Exercise requirements
Could you transcribe exactly the lines from the one containing "bedroom featuring crown" through the end of the listing below, both included, but none of the pictures?

Data extract

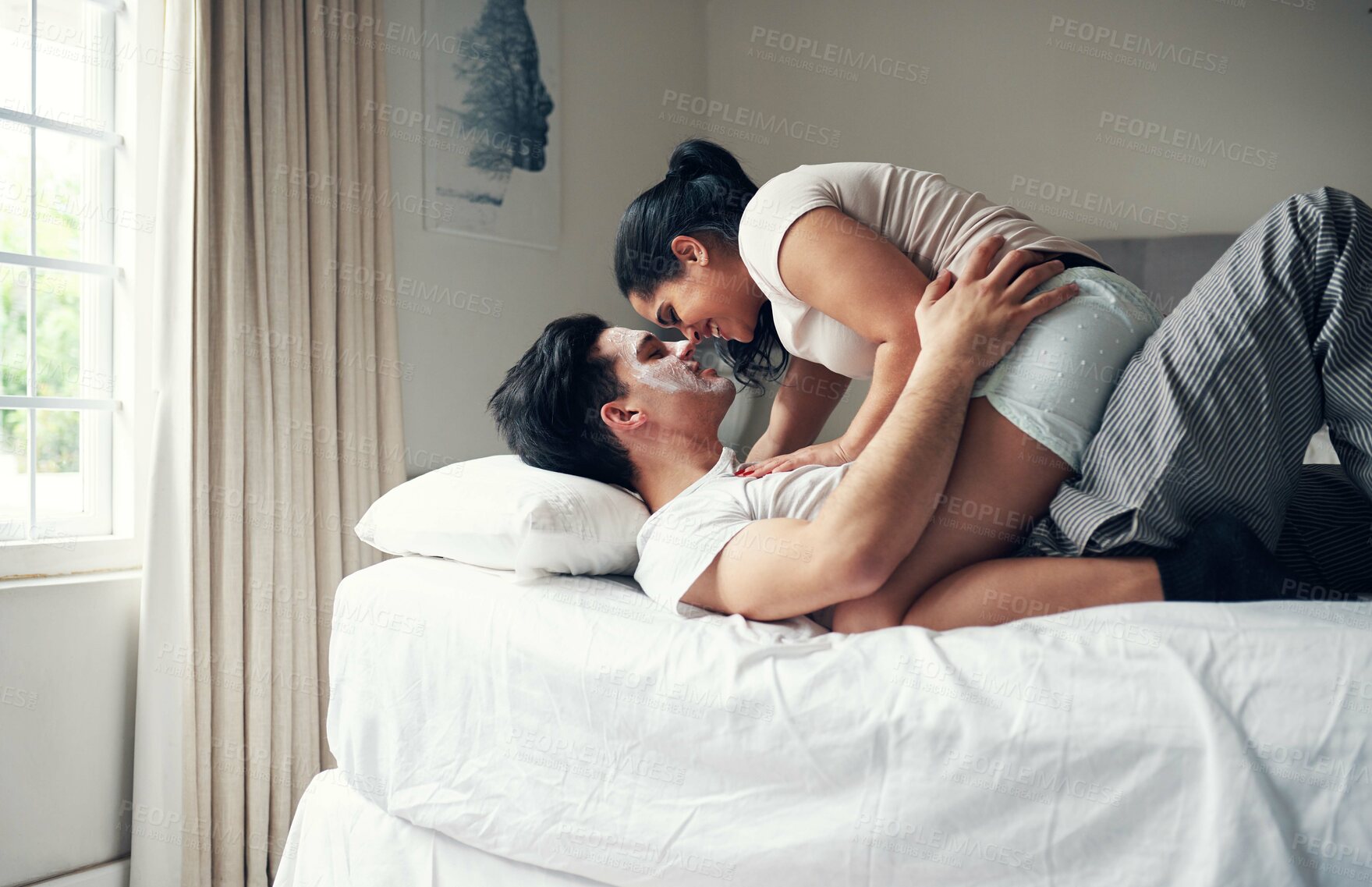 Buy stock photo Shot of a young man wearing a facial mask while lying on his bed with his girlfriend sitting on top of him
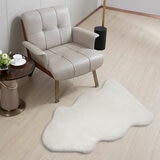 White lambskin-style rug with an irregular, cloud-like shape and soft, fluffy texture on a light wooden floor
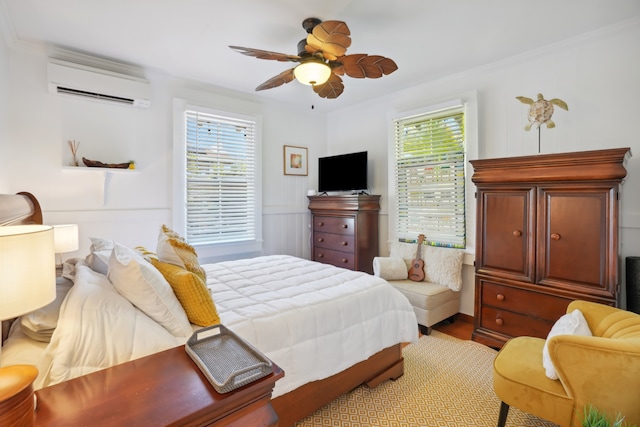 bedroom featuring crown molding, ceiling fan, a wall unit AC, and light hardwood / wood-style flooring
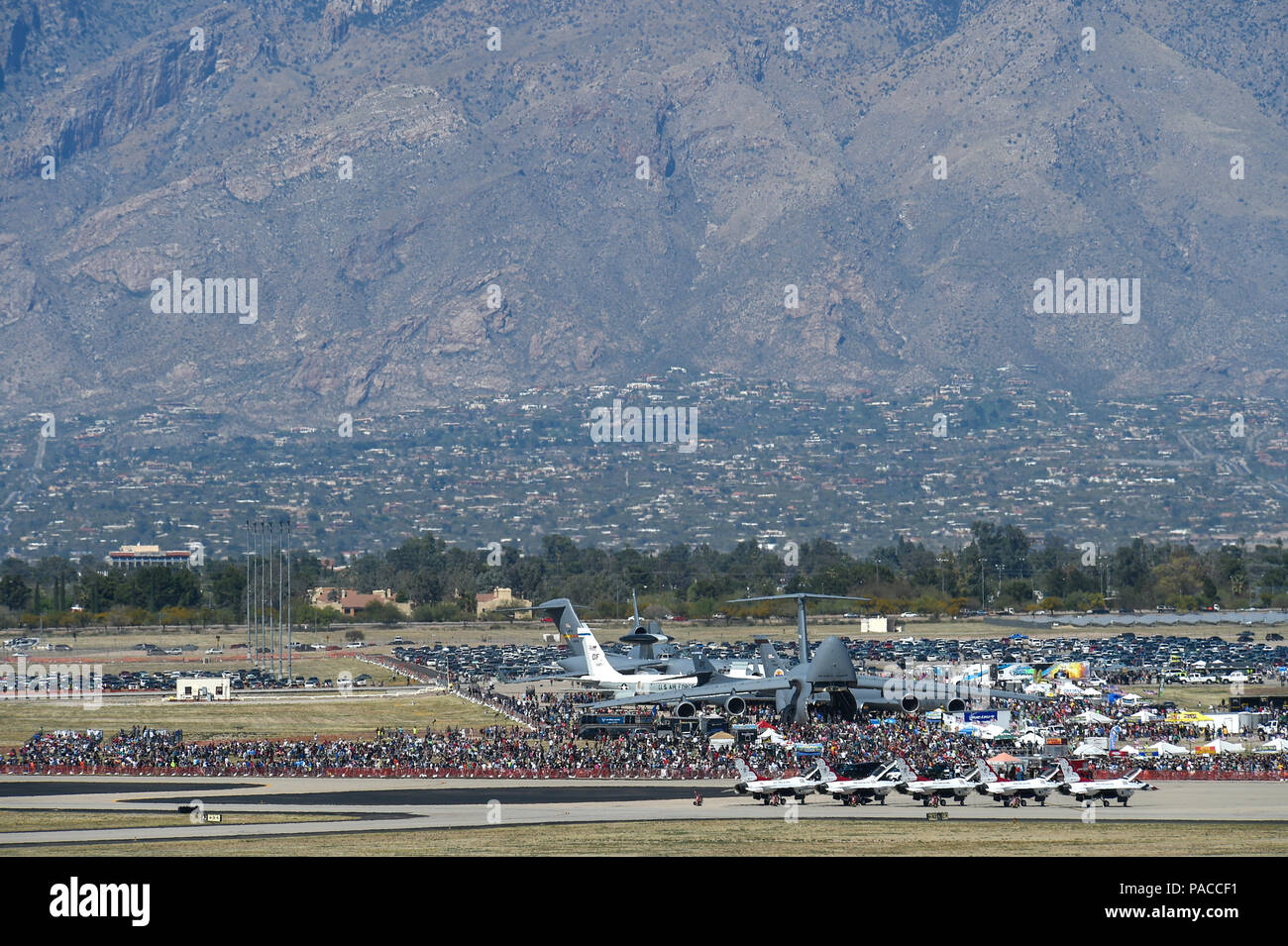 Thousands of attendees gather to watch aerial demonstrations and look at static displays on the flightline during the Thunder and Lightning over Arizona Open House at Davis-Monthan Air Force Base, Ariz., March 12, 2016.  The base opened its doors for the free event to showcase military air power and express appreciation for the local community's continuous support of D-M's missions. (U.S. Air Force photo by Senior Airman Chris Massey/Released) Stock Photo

Problem solution
 bedroom featuring crown molding, ceiling fan, a wall unit AC, and light hardwood / wood-style flooring
 Thousands of attendees gather to watch aerial demonstrations and look at static displays on the flightline during the Thunder and Lightning over Arizona Open House at Davis-Monthan Air Force Base, Ariz., March 12, 2016.  The base opened its doors for the free event to showcase military air power and express appreciation for the local community's continuous support of D-M's missions. (U.S. Air Force photo by Senior Airman Chris Massey/Released) Stock Photo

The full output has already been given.